Man muss kein exzessiver Jäger und Sammler sein, aber im Laufe der Zeit häuft sich einfach – ohne das man es so richtig merkt – ein haufen Zeug an, das man – wenn man ehrlich ist – nicht mehr wirklich braucht.

In den letzten Wochen nahm ich mir vor, meine Koch-, Back- und Gartenbücher auszumisten. Die standen mittlerweile zweireihig und – weil z.T. selbst geerbt – in die wenigsten schaute ich wirklich rein. :-/  Der Blick auf diese beiden Regalreihen regte mich immer mehr auf. Und so beschloss ich, auszusortieren… Viele Vollkornbackbücher aus den 80zigern, 90zigern, immer Rezepte mit extrem viel Hefe, Sauerteig Fehlanzeige, Kochbücher für vegetarische Gerichte (brauch´ ich eigentlich gar nicht, mach´ ich aus „der Lameng“ oder schaue ins Netz), Kinderkochbücher, Gartenbücher zum biologischen Gärtnern, etc. fanden keine Gnade mehr vor meinen Augen; mehr als die Hälfte meines Bestandes…

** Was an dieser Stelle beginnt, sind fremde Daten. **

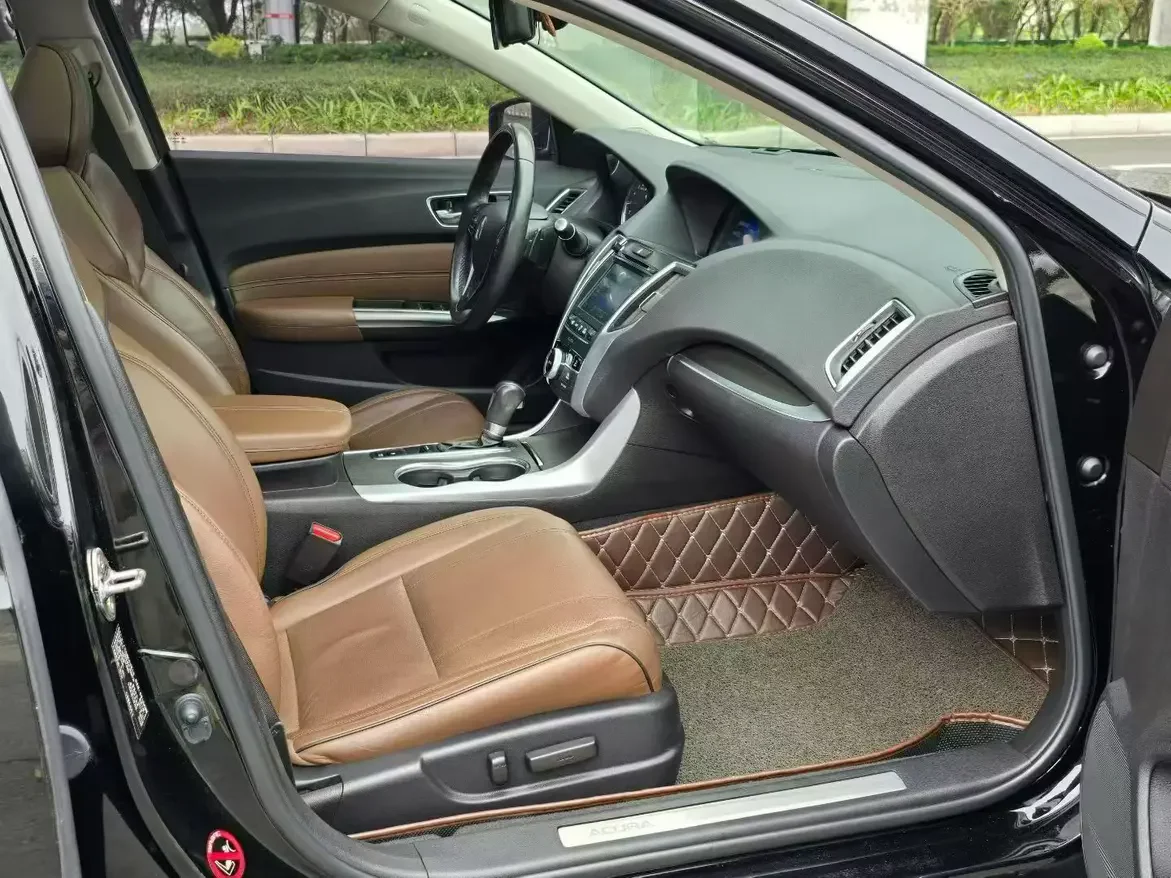 Acura TLX-L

Da ich keine Bücher wegschmeißen kann, kamen sie in eine Kiste vor die Tür mit dem Hinweis „zu verschenken“. Hätte das nie gedacht – aber nach ca. 3 Tagen (und immer wieder auffüllen), waren die Koch- und Gartenbücher bereits weg und ich begann, mich an meine Romane, Krimis etc.  heranzuwagen. Das fiel mir weitaus schwerer, da mit fast jedem Schinken auch Erinnerungen mitschwangen. Dennoch: Alle die Bücher, von denen ich guten Gewissens sagen kann, ich werde sie nicht noch einmal lesen (Bücher, die mir total gefallen, kann ich wieder und wieder lesen…) kamen in die Kiste. Bei Romanen etc. sind die Geschmäcker ja sehr verschieden und so war ich gespannt, wie es hier laufen würde – doch auch hier: Jeden Abend war die Kiste um viele Bücher leichter!!!

Dass so viele Bücher neue Freunde fanden, finde ich total schön – und mir geht es mit dem kleineren Bücherberg(es ist immer noch ein „Berg“)  seeeehr gut – ich bin im wahrsten Sinne „erleichtert“!

Ich kann mir vorstellen, dass dieses Jahr nach den Büchern noch andere Sachen „vor die Tür“ wandern…

Wie geht es euch damit? Mistet ihr gerne aus? Fällt es euch schwer? Welche Auswahlkriterien habt ihr? Bin auf eure Kommentare gespannt!